I understand the differences between optimistic and pessimistic locking. Now could someone explain to me when I would use either one in general?
And does the answer
Optimistic Locking is a strategy where you read a record, take note of a version number (other methods to do this involve dates, timestamps or checksums/hashes) and check that the version hasn't changed before you write the record back. When you write the record back you filter the update on the version to make sure it's atomic. (i.e. hasn't been updated between when you check the version and write the record to the disk) and update the version in one hit.
If the record is dirty (i.e. different version to yours) you abort the transaction and the user can re-start it.

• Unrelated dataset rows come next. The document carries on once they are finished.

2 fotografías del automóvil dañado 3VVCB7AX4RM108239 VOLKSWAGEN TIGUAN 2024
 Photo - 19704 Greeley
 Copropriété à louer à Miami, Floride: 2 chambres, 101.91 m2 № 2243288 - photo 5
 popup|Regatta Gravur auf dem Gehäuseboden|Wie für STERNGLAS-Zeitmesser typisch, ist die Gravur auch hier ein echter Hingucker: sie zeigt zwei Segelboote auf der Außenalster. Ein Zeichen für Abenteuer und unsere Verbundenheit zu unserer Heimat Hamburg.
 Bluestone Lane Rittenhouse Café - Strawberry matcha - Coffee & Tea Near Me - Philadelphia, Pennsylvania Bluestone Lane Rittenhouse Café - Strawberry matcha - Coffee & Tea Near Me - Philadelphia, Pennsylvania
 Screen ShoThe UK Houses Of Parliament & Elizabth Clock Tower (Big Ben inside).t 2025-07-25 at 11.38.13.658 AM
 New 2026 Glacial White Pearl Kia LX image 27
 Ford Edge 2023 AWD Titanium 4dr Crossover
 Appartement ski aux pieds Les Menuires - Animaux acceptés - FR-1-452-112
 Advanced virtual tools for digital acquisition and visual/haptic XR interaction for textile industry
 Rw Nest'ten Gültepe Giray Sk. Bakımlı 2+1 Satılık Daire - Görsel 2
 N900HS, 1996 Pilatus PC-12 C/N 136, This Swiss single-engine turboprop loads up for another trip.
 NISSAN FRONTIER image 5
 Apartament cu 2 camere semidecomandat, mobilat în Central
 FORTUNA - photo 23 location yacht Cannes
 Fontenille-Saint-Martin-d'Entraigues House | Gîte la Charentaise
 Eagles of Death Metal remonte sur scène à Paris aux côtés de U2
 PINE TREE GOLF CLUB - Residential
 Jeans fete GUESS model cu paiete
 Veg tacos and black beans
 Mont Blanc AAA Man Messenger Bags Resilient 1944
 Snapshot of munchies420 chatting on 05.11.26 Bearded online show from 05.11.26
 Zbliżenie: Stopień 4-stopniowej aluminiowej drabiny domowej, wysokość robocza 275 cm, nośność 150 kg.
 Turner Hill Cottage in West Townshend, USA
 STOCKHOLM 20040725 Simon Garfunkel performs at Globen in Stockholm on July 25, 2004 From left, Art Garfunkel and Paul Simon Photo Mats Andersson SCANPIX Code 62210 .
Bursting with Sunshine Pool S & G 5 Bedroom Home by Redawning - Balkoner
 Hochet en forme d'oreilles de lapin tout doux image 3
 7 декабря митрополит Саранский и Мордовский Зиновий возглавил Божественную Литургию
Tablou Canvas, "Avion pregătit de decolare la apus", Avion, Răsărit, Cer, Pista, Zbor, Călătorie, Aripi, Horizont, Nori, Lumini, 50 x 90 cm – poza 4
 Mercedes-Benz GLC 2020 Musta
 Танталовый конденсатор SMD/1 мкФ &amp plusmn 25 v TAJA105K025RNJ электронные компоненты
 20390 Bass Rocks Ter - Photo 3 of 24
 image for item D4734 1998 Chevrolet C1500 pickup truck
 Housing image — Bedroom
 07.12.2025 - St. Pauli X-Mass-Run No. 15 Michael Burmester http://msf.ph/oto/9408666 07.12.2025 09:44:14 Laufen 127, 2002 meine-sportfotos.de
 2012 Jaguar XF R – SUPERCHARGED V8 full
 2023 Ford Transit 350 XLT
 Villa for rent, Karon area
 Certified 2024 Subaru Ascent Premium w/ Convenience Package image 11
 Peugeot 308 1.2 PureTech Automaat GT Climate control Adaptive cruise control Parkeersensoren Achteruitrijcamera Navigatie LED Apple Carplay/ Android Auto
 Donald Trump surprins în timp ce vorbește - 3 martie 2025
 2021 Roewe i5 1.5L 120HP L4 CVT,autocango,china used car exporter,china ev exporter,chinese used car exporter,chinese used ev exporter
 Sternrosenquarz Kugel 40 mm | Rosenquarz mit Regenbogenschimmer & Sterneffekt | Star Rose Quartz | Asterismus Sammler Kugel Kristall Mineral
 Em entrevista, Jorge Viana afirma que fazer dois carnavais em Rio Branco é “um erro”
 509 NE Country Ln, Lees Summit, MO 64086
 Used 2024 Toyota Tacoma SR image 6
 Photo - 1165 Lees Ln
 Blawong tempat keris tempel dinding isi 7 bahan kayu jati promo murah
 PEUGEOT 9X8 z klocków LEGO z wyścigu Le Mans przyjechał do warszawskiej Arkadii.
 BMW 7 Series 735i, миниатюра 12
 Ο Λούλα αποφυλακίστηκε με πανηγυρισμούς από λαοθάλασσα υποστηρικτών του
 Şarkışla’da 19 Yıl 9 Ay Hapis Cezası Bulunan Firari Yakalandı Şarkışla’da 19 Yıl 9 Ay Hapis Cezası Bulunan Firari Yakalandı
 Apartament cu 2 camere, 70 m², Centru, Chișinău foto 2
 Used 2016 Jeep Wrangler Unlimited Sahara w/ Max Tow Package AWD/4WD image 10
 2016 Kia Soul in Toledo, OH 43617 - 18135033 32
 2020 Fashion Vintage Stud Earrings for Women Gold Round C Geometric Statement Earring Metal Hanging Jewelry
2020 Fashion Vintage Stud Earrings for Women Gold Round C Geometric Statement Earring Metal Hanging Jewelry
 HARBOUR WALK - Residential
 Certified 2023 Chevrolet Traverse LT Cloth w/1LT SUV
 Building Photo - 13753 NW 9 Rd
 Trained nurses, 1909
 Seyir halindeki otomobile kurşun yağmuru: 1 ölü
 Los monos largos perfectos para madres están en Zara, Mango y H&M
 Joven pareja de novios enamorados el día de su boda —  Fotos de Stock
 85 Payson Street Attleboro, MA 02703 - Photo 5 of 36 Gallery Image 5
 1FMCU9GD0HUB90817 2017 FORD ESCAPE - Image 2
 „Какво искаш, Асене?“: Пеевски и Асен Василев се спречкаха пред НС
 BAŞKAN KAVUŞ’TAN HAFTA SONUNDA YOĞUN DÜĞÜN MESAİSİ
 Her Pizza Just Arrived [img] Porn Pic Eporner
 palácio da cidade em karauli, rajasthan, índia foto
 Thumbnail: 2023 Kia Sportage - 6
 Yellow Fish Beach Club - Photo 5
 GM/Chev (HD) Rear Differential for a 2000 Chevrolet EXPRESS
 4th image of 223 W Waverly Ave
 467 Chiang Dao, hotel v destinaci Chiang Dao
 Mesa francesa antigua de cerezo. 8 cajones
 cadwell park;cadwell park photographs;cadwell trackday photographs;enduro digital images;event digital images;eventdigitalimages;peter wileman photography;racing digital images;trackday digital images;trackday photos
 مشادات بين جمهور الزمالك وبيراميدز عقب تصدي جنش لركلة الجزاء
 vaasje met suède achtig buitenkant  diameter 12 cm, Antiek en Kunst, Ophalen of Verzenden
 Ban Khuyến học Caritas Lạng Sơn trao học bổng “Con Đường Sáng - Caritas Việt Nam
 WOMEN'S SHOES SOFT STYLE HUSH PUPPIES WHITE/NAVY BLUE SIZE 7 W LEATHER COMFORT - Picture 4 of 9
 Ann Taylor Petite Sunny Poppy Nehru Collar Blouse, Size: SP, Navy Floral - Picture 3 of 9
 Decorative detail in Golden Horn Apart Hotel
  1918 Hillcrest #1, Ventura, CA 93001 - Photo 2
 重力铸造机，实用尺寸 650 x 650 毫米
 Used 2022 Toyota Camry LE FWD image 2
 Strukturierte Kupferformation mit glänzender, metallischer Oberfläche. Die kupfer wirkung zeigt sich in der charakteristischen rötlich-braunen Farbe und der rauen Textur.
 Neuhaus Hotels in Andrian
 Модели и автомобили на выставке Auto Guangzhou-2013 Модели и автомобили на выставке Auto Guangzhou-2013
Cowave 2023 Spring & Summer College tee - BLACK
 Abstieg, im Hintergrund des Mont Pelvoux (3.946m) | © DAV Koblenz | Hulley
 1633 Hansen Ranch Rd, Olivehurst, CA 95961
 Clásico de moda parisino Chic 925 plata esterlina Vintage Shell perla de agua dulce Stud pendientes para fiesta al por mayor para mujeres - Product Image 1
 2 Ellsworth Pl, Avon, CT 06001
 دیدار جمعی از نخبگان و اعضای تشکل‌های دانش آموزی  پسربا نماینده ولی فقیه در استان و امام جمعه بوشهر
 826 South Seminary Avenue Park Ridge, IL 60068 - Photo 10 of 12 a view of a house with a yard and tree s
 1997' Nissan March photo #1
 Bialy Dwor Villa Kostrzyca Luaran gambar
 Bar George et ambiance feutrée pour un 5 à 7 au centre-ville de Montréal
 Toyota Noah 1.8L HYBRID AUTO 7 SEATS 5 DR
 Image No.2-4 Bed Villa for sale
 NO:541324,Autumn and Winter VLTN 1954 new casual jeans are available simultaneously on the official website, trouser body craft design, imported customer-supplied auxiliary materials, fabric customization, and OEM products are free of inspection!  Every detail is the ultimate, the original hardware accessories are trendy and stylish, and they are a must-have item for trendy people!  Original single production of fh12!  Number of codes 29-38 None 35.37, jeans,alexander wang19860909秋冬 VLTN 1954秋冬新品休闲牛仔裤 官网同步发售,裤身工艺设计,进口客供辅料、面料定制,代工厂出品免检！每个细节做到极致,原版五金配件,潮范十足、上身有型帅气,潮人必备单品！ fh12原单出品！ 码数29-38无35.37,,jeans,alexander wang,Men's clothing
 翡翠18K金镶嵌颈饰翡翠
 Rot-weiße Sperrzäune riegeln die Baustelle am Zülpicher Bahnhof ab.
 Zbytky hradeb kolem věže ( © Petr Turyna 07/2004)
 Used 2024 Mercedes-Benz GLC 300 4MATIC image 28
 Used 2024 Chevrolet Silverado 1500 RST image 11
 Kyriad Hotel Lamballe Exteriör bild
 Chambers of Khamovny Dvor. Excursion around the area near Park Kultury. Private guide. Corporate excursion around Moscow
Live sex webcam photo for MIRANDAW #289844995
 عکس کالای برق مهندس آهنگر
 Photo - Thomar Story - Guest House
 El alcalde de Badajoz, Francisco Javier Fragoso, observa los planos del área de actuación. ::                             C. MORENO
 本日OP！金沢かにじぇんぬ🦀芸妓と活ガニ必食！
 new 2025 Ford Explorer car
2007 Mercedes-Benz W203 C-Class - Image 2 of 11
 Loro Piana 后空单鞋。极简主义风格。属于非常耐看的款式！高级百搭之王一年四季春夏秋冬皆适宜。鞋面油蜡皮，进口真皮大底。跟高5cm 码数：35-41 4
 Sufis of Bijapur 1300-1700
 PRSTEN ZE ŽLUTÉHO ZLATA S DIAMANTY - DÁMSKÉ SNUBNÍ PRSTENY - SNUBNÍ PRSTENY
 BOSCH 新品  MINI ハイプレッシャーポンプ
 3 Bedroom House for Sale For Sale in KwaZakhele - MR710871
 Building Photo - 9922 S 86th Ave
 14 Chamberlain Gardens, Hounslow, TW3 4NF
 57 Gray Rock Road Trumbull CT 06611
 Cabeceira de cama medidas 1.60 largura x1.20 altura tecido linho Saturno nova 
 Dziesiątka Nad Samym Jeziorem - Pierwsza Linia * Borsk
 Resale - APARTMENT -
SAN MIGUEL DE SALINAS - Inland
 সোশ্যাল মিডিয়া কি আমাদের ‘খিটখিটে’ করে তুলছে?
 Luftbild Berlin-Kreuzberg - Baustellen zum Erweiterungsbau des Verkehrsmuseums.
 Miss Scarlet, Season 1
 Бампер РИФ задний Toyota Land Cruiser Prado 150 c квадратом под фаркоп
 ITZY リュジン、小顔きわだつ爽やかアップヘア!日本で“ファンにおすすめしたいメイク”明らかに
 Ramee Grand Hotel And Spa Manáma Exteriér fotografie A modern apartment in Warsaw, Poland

This strategy is most applicable to high-volume systems and three-tier architectures where you do not necessarily maintain a connection to the database for your session. In this situation the client cannot actually maintain database locks as the connections are taken from a pool and you may not be using the same connection from one access to the next.
Pessimistic Locking is when you lock the record for your exclusive use until you have finished with it. It has much better integrity than optimistic locking but requires you to be careful with your application design to avoid Deadlocks. To use pessimistic locking you need either a direct connection to the database (as would typically be the case in a two tier client server application) or an externally available transaction ID that can be used independently of the connection.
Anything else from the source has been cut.